At the other end of the pipeline, Wylie Mitchell, the dean of admissions at Bates College in Lewiston, Me., said ruefully of summer school: ''It's part of the frenzy. Families are grasping at everything they perceive to be a possible plus in the admissions equation.''

So the bright and motivated children of suburban Chicago's prosperous North Shore spend their summers at the lab table or the computer terminal in New Trier, rather than being a lifeguard, bagging groceries or otherwise decompressing. If anything, New Trier's academic bent to summer school predates the current trend by several decades. As far back as the 1970's, nearly half the school's pupils were enrolling in the session.

Some students today take required classes over break not to enhance their college applications but to open more time in their fall or spring schedules for music or art courses they adore. Purely pedagogically, the summer school program here has much to recommend it. Its long periods and sharpened focus allow New Trier's faculty to function like college professors conducting seminars.
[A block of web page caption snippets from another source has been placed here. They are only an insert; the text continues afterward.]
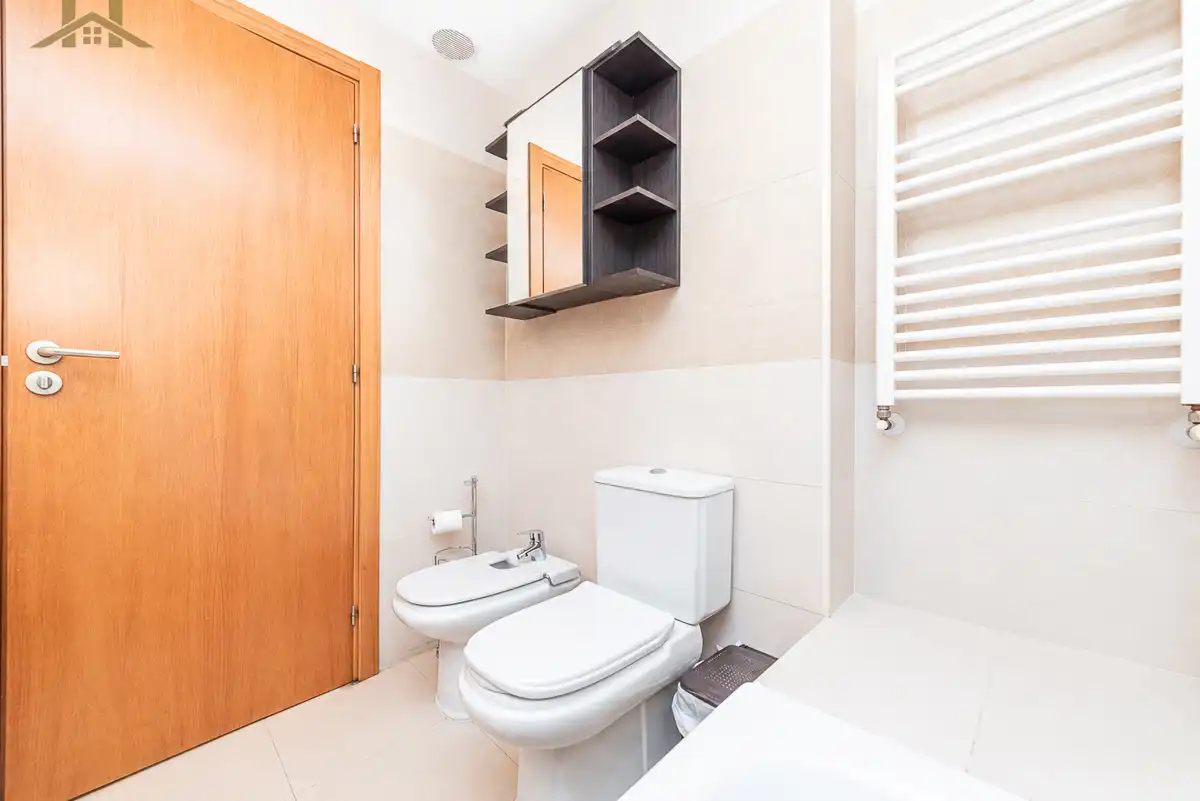 Baño de Planta baja en venta en Arroyomolinos (Madrid) con Aire acondicionado, Calefacción y Jardín privado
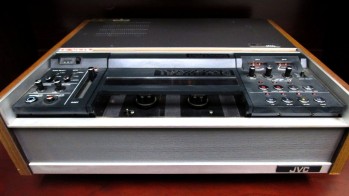 JVC-VCR-CR6060.jpg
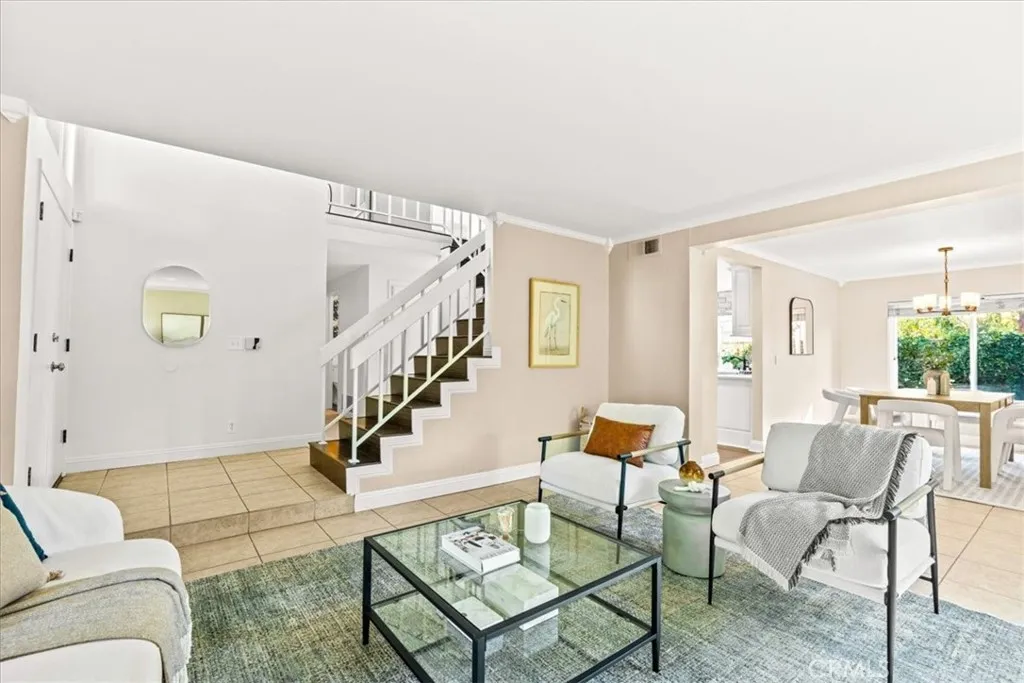 3 Christamon W, Irvine, California 92620 home-pic-9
Intentionally or not, the nearly year-round schedule also addresses one of the major criticisms of American schools: that the academic calendar is too short and that students spend the summer forgetting half of what they just finished learning.
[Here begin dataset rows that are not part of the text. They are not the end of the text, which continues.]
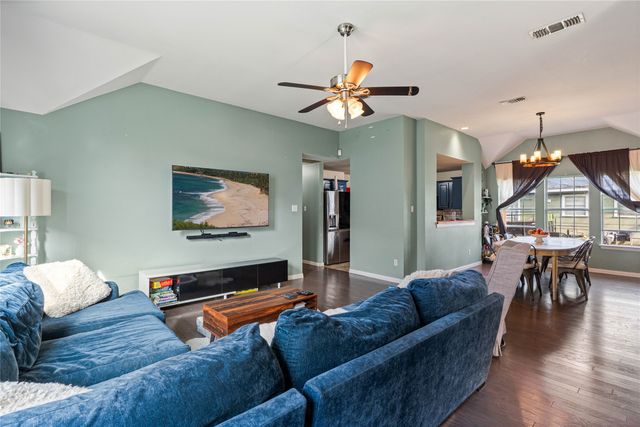 810 Maples Avenue, Mckinney, TX 75069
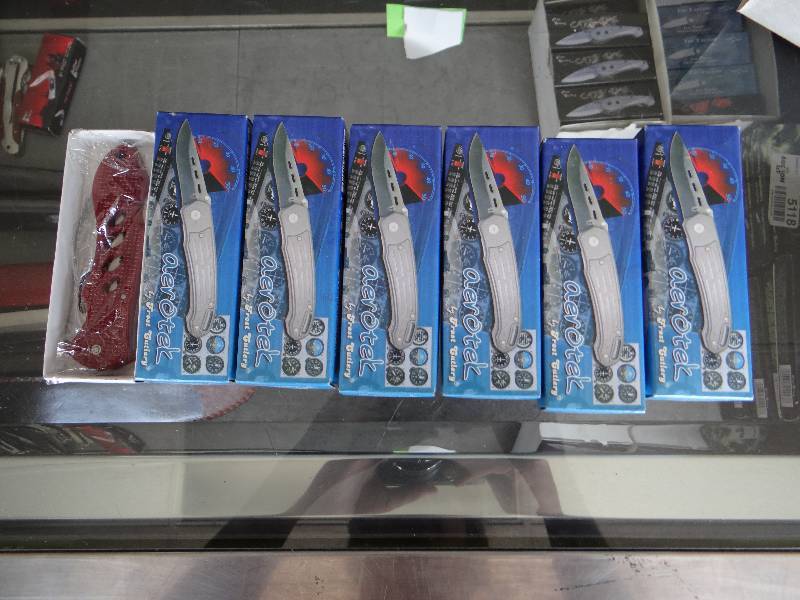lot 5121 image: Large lot of brand new pocket knives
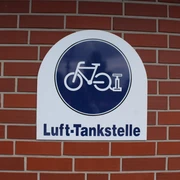 Lufttankstelle Asendorf Lufttankstelle für Fahrräder mit dunkelblauem Schild auf rotem Backstein in Asendorf.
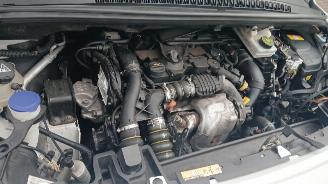 Peugeot 5008 5008 I (0A/0E) MPV 1.6 HDiF 16V (DV6C(9HD)) [84kW]  (03-2013/03-2017) picture 3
Still, the stakes have risen notably in the last 10 or 20 years, according to both Mr. Conroy and Dr. Henry Bangser, superintendent of the New Trier district. Twice as many New Trier students now apply annually to the most selective colleges and twice as many sit for the Advanced Placement exams in various subjects. The rankings published by U.S. News & World Report have rewarded colleges for, among other things, admitting the smallest possible number of an increasing pool of applicants.

By taking major classes in summer school, New Trier students can fill their regular schedule with the maximum number of honors or advanced-placement classes, culminating in the national Advanced Placement exams. Or they can lavish undivided attention on one especially challenging summer class in pursuit of an A. Dozens of students from outside the district on the North Shore, a few from as far as 30 miles away, seek places in New Trier's summer program.
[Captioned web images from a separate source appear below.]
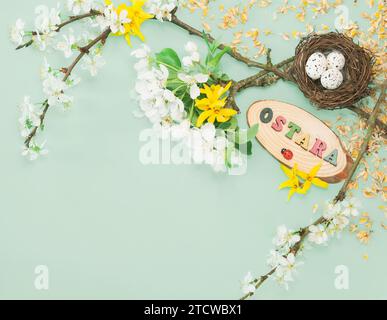 Lay plat sur le thème d'Ostara avec fleurs et nid d'oiseau Banque D'Images
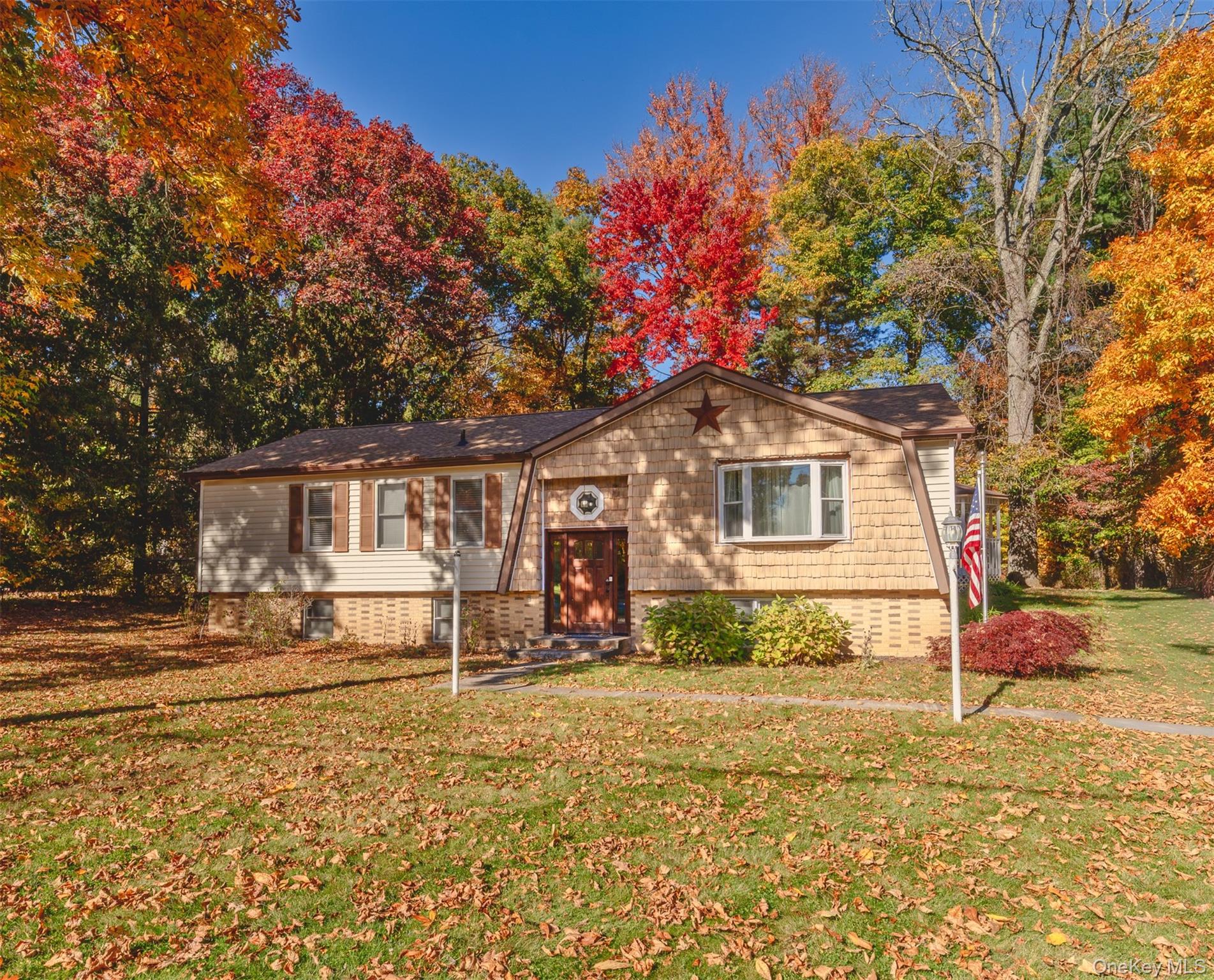8 Dogwood Drive — photo
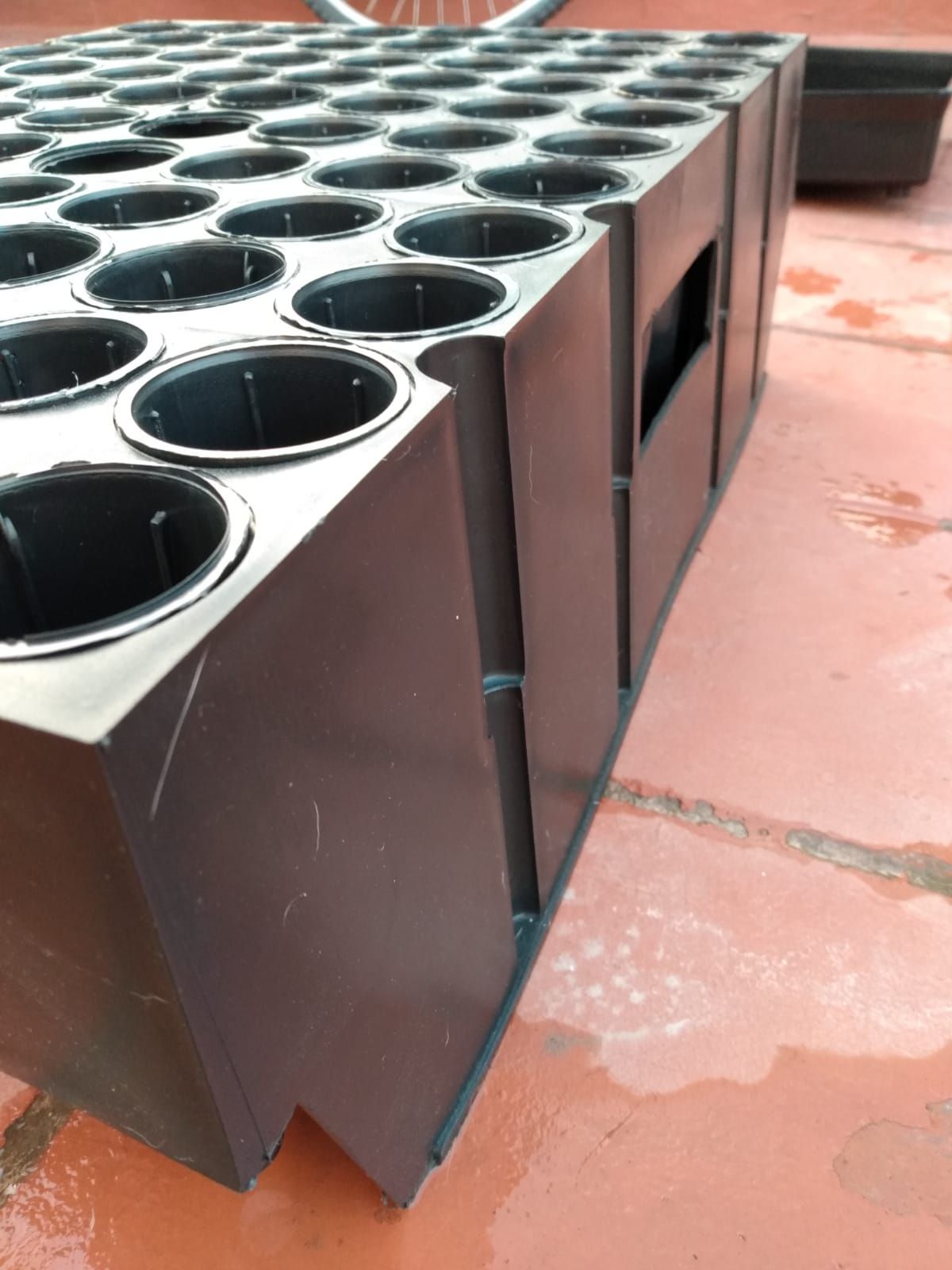 Germinador 88 celda removibles de 140 cc+ contenedora de 38 x 62 x 7cm sin drenaje x 1 kit de 2 producto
Back in the early 1990's, Dr. Bangser said, his daughter was a star student at New Trier and decided not to take summer school because ''she'd worked so hard during the year that she wanted to get away from it.'' In today's climate, he said, she would be hard-pressed to avoid it.

If there is a voice of reason to be heard on the subject, it just may belong to Susan Sperling, a 15-year-old who wrote about the summer-school phenomenon for the sophomore class's newspaper. ''School and summer are merged for many people,'' she said in an interview. ''It's a long time to keep studying. It's school, more school and no break. It can create a burnout.''

While she comes from a typically accomplished New Trier family -- both parents are lawyers, and her father is an Amherst alumnus -- Miss Sperling has heeded her own counsel. This summer, she said, she is playing with her pet dog, Sasha. And, oh, yes, she is taking one course: driver's ed.